DATA EXTRACTS →

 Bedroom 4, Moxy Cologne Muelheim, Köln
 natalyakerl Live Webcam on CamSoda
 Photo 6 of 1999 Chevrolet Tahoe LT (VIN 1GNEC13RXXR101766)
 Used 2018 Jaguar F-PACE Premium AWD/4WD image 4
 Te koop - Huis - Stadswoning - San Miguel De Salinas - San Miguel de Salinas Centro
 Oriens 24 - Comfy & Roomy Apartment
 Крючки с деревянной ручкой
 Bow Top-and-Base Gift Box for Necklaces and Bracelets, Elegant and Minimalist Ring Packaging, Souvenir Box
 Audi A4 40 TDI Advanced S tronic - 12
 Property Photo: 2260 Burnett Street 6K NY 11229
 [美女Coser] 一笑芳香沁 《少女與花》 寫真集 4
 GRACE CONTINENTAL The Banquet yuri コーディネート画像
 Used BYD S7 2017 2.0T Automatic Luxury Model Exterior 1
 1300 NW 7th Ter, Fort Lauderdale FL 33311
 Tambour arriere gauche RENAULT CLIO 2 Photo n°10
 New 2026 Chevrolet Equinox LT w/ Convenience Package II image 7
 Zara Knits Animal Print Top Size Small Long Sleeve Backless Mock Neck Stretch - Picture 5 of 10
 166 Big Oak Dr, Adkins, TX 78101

DESCRIPTION OF THE TASK → Exactly as written, repeat each line from the beginning of the data above to the line containing "Крючки с деревянной ручкой", inclusive.

ANSWER TO THE EXERCISE →
 Bedroom 4, Moxy Cologne Muelheim, Köln
 natalyakerl Live Webcam on CamSoda
 Photo 6 of 1999 Chevrolet Tahoe LT (VIN 1GNEC13RXXR101766)
 Used 2018 Jaguar F-PACE Premium AWD/4WD image 4
 Te koop - Huis - Stadswoning - San Miguel De Salinas - San Miguel de Salinas Centro
 Oriens 24 - Comfy & Roomy Apartment
 Крючки с деревянной ручкой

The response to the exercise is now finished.